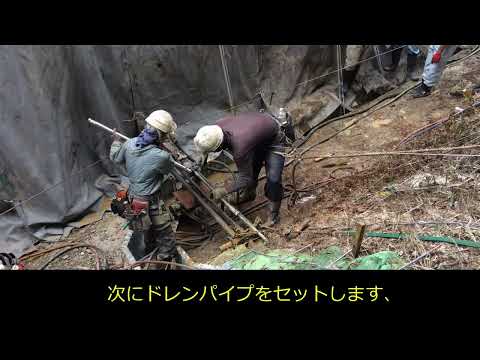 DKドレーンパイプ　単管掘りの削岩機で打ち込む排水パイプ　 ダイカ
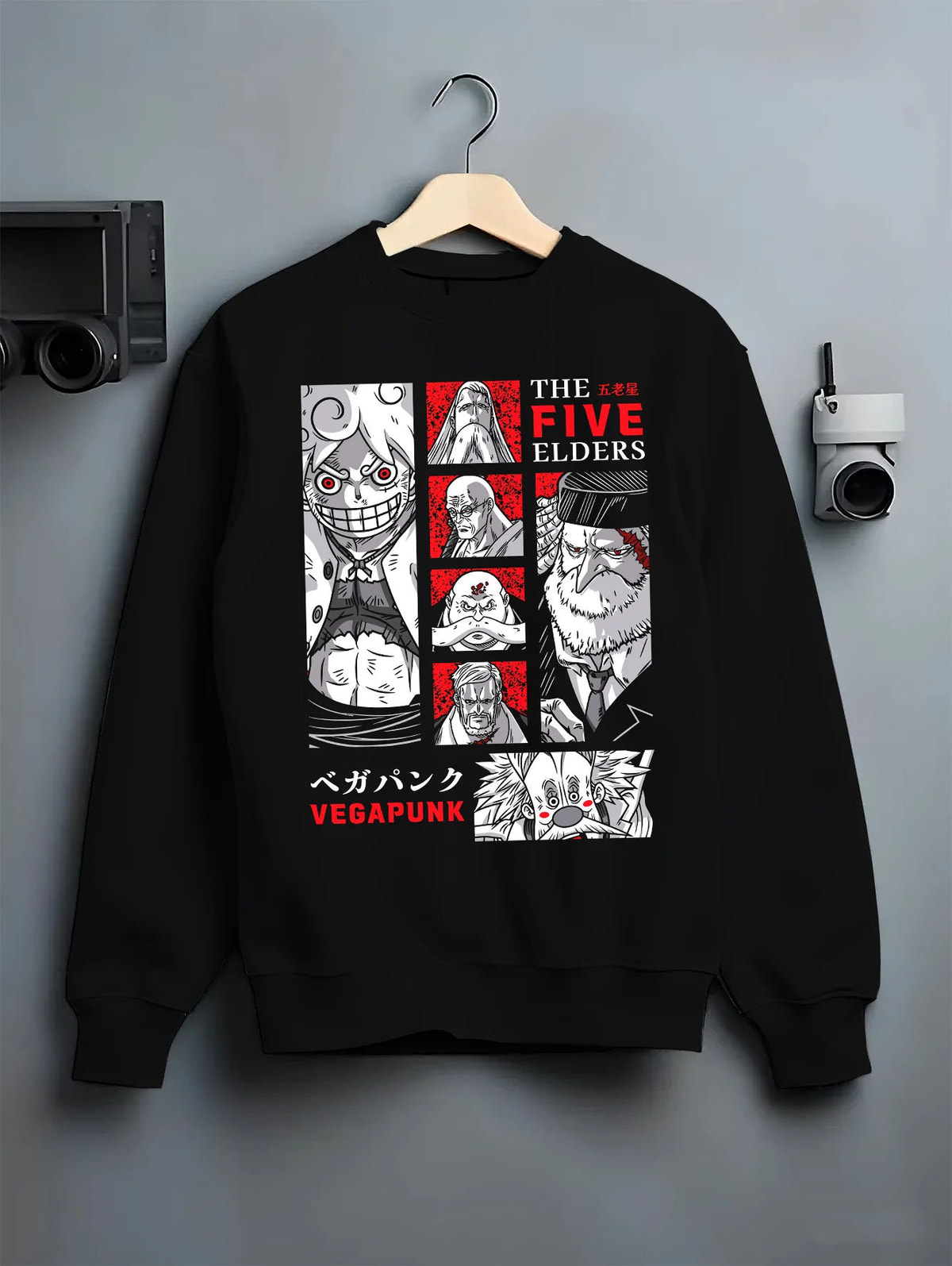 Black crewneck sweatshirt on hanger showing The Five Elders from One Piece: One Piece Gorosei lineup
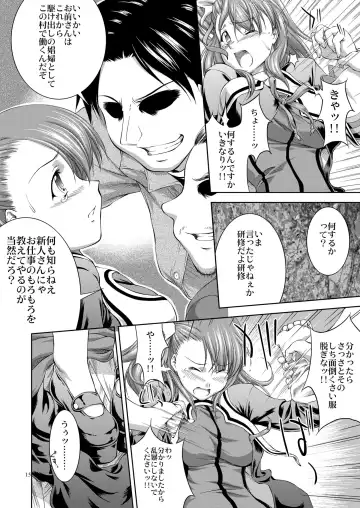 [John Sitch-oh] SHINY BEAST Fhentai - Page 16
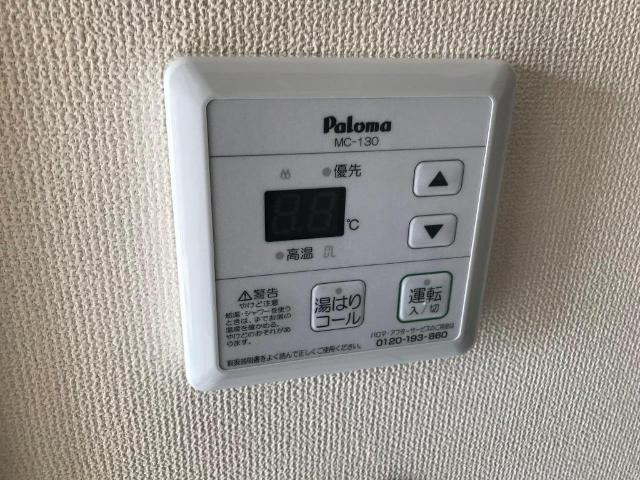フォルビートの設備|室内設備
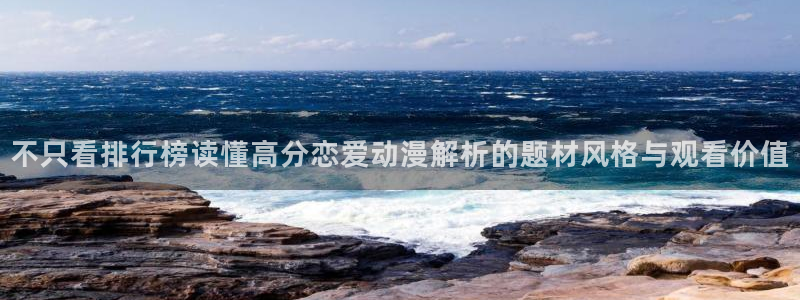 动漫之家官网入口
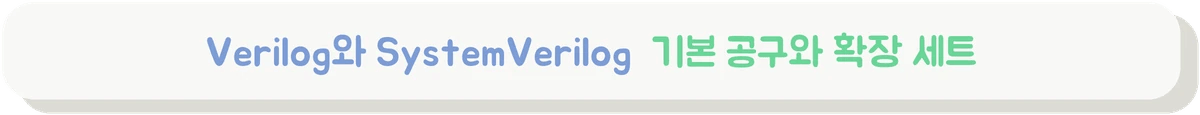 Verilog와 SystemVerilog의 차이를 설명하는 배너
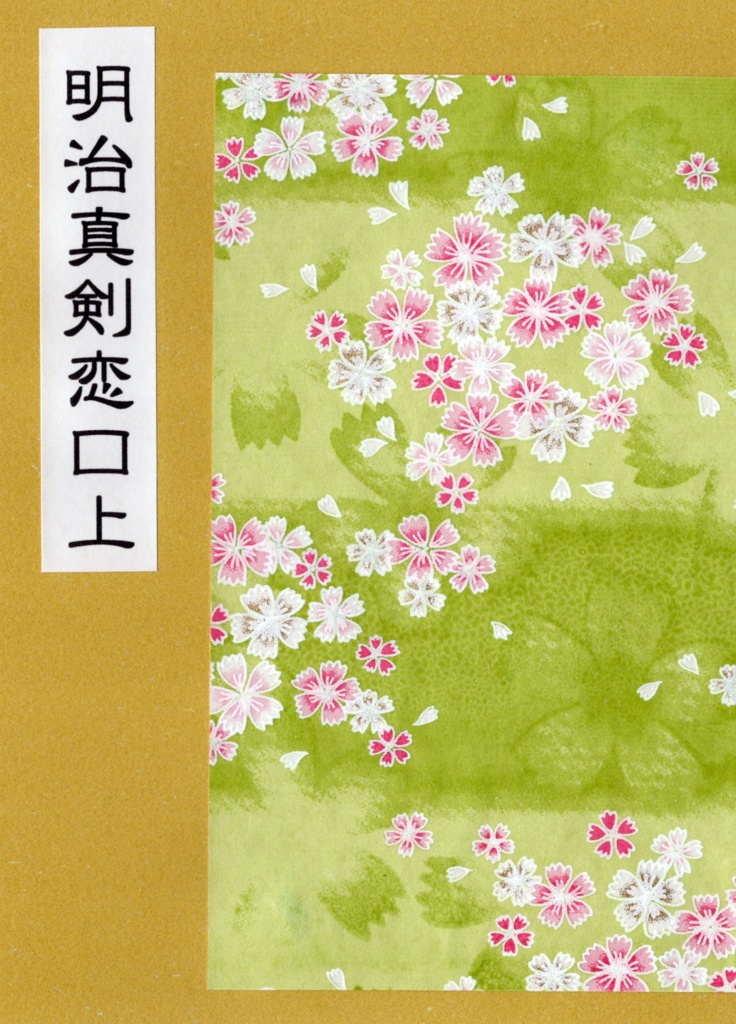 明治真剣恋口上ーめいじしんけんこいこうじょうー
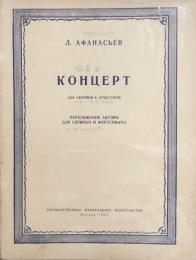 レオニード・アファナシエフ　ヴァイオリン協奏曲　Leonid　Afanasyev　　【楽譜】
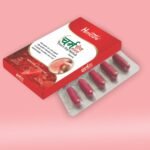 Himcure Charmrog Nashak Capsule | Skin Care Capsule | 10 Capsule Pack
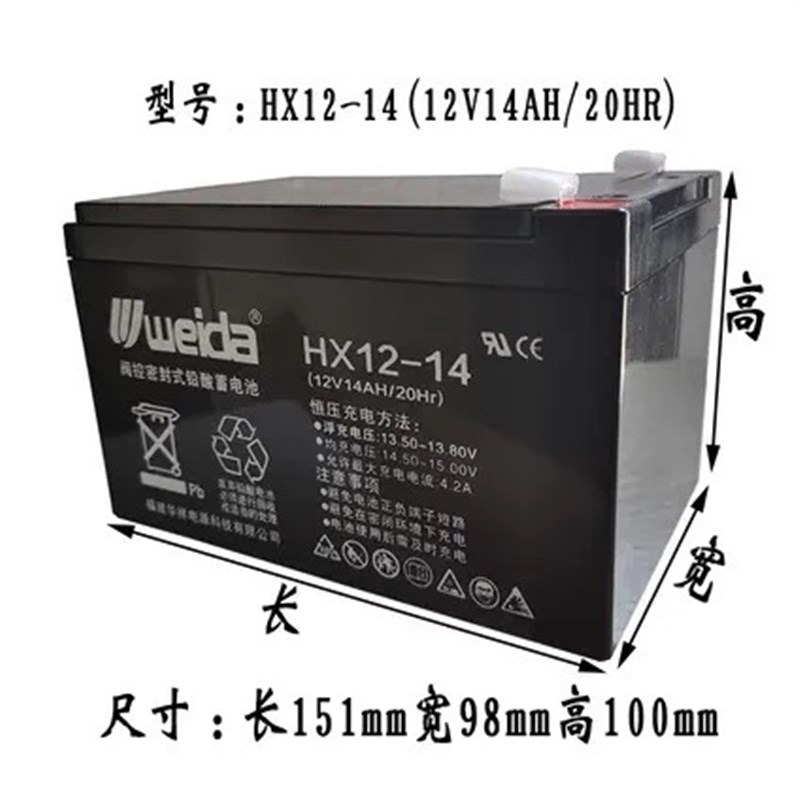 weida威达蓄电池HX12-14利达主机火灾报警控制器备用电池12V14AH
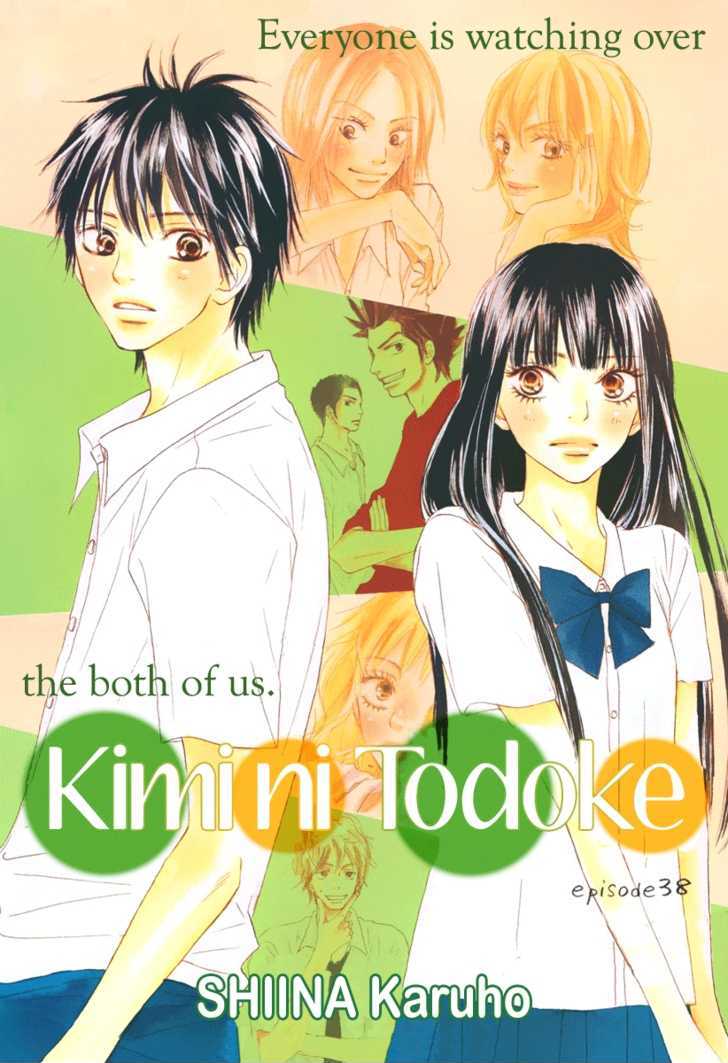 Kimi Ni Todoke - Vol.9 Chapter 38 : Reaching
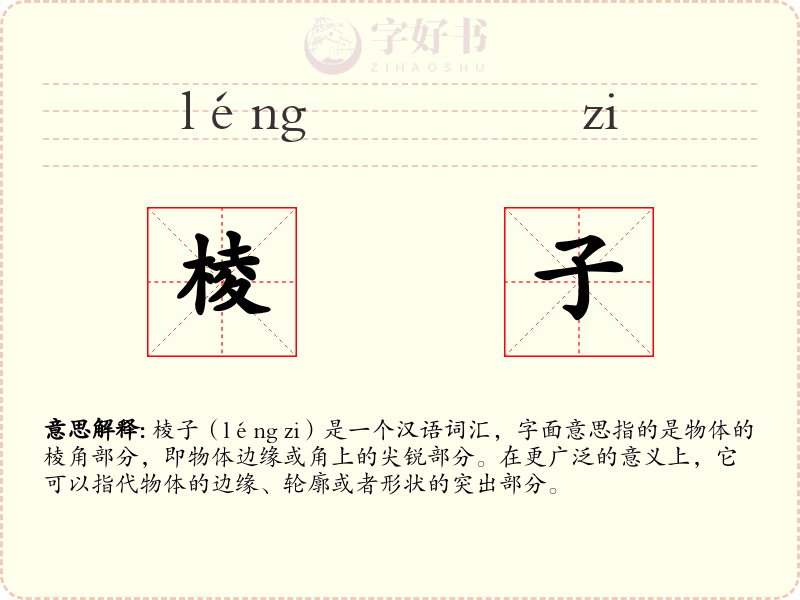 棱子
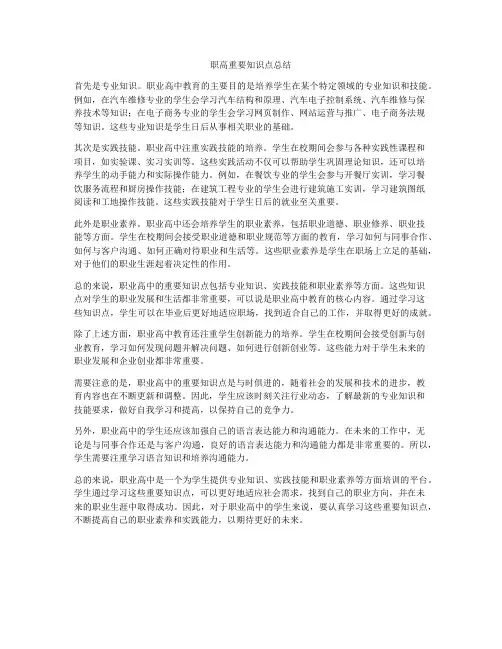 职高重要知识点总结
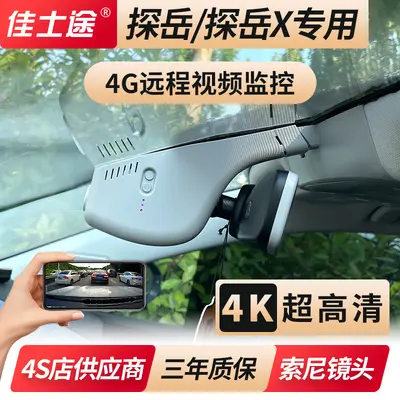 Volkswagen 19-24 yeni Tanyue/Tanyue X özel sürüş kaydedici 4G uzaktan kumandalı 4K ultra net orijinal Tanyue GTE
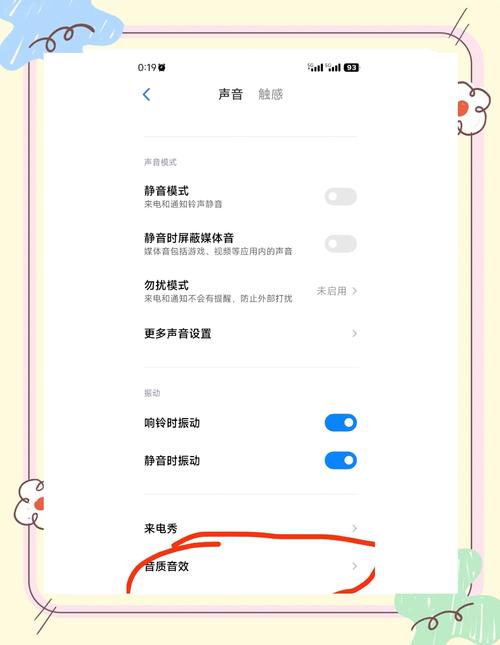 音频禁用怎么恢复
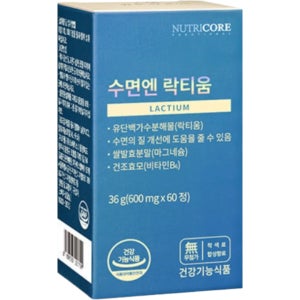 뉴트리코어 수면엔 락티움 600mg x 60정 1개월분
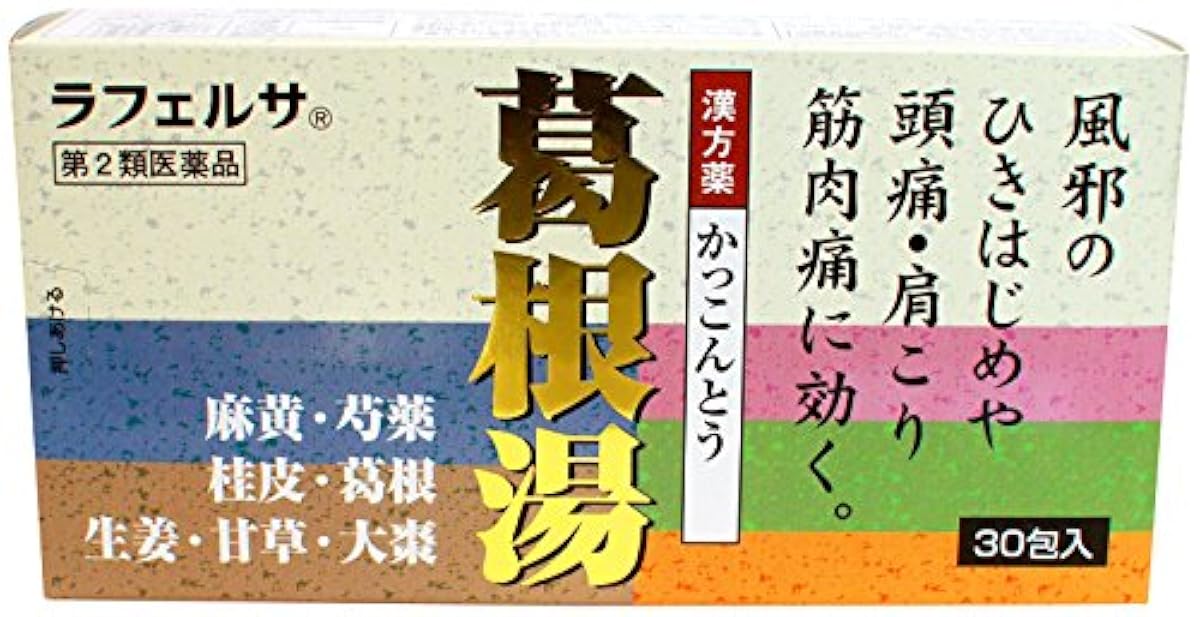 (제2류의약품) 갈근탕엑기스 과립〔오오미네〕 PB 30봉지- (2007-09-01) 러프《루사》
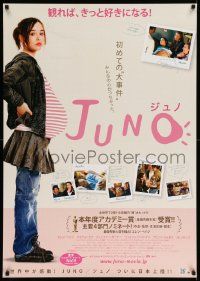 4b749 JUNO DS Japanese 29x41 '08 Michael Cera, Diablo Cody, image of Ellen Page over pink background
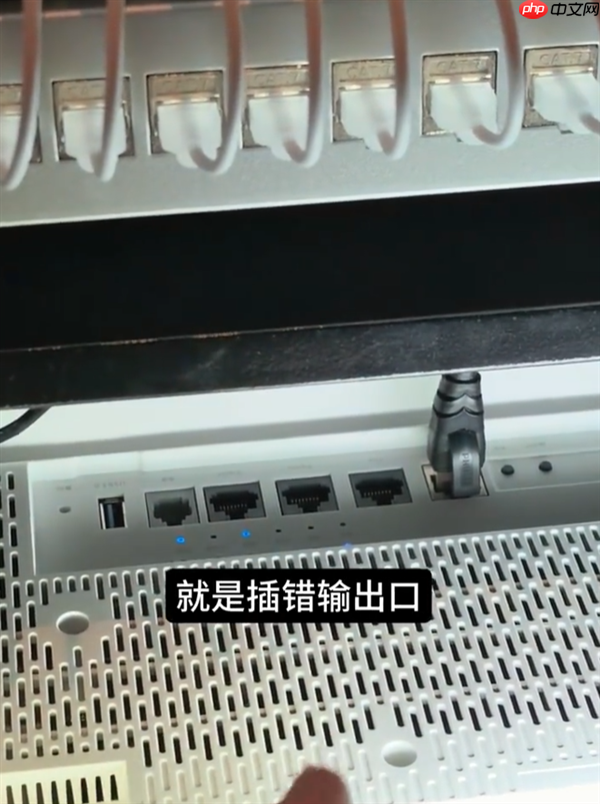 罗永浩吐槽千兆宽带实际不足百兆 家里网速慢看这6点就够了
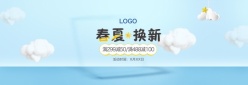 春夏换新淘宝童装海报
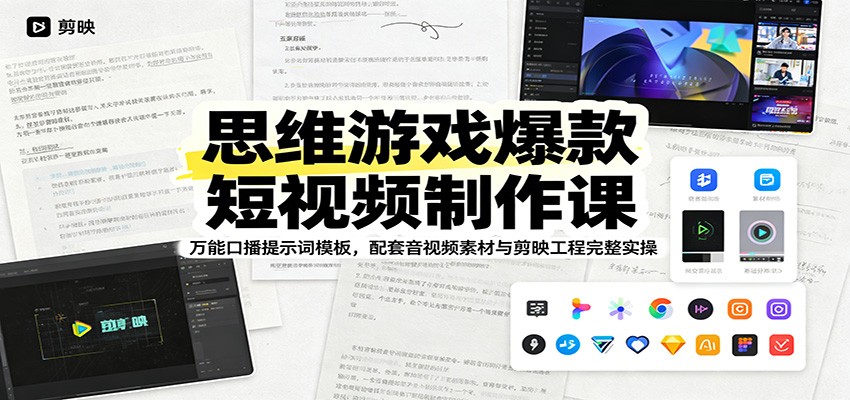 思维游戏爆款短视频制作课:万能口播提示词模板,配套音视频素材与剪映工程完整实操-轻创终点站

==============================

Exercise brief. Except for the pictures, the whole listing above should be transcribed exactly.

Response area.
 DKドレーンパイプ　単管掘りの削岩機で打ち込む排水パイプ　 ダイカ
 Black crewneck sweatshirt on hanger showing The Five Elders from One Piece: One Piece Gorosei lineup
 [John Sitch-oh] SHINY BEAST Fhentai - Page 16
フォルビートの設備|室内設備
 动漫之家官网入口
 Verilog와 SystemVerilog의 차이를 설명하는 배너
 明治真剣恋口上ーめいじしんけんこいこうじょうー
 レオニード・アファナシエフ　ヴァイオリン協奏曲　Leonid　Afanasyev　　【楽譜】
 Himcure Charmrog Nashak Capsule | Skin Care Capsule | 10 Capsule Pack
 weida威达蓄电池HX12-14利达主机火灾报警控制器备用电池12V14AH
 Kimi Ni Todoke - Vol.9 Chapter 38 : Reaching
 棱子
 职高重要知识点总结
 Volkswagen 19-24 yeni Tanyue/Tanyue X özel sürüş kaydedici 4G uzaktan kumandalı 4K ultra net orijinal Tanyue GTE
 音频禁用怎么恢复
 뉴트리코어 수면엔 락티움 600mg x 60정 1개월분
 (제2류의약품) 갈근탕엑기스 과립〔오오미네〕 PB 30봉지- (2007-09-01) 러프《루사》
 4b749 JUNO DS Japanese 29x41 '08 Michael Cera, Diablo Cody, image of Ellen Page over pink background
 罗永浩吐槽千兆宽带实际不足百兆 家里网速慢看这6点就够了
 春夏换新淘宝童装海报
 思维游戏爆款短视频制作课:万能口播提示词模板,配套音视频素材与剪映工程完整实操-轻创终点站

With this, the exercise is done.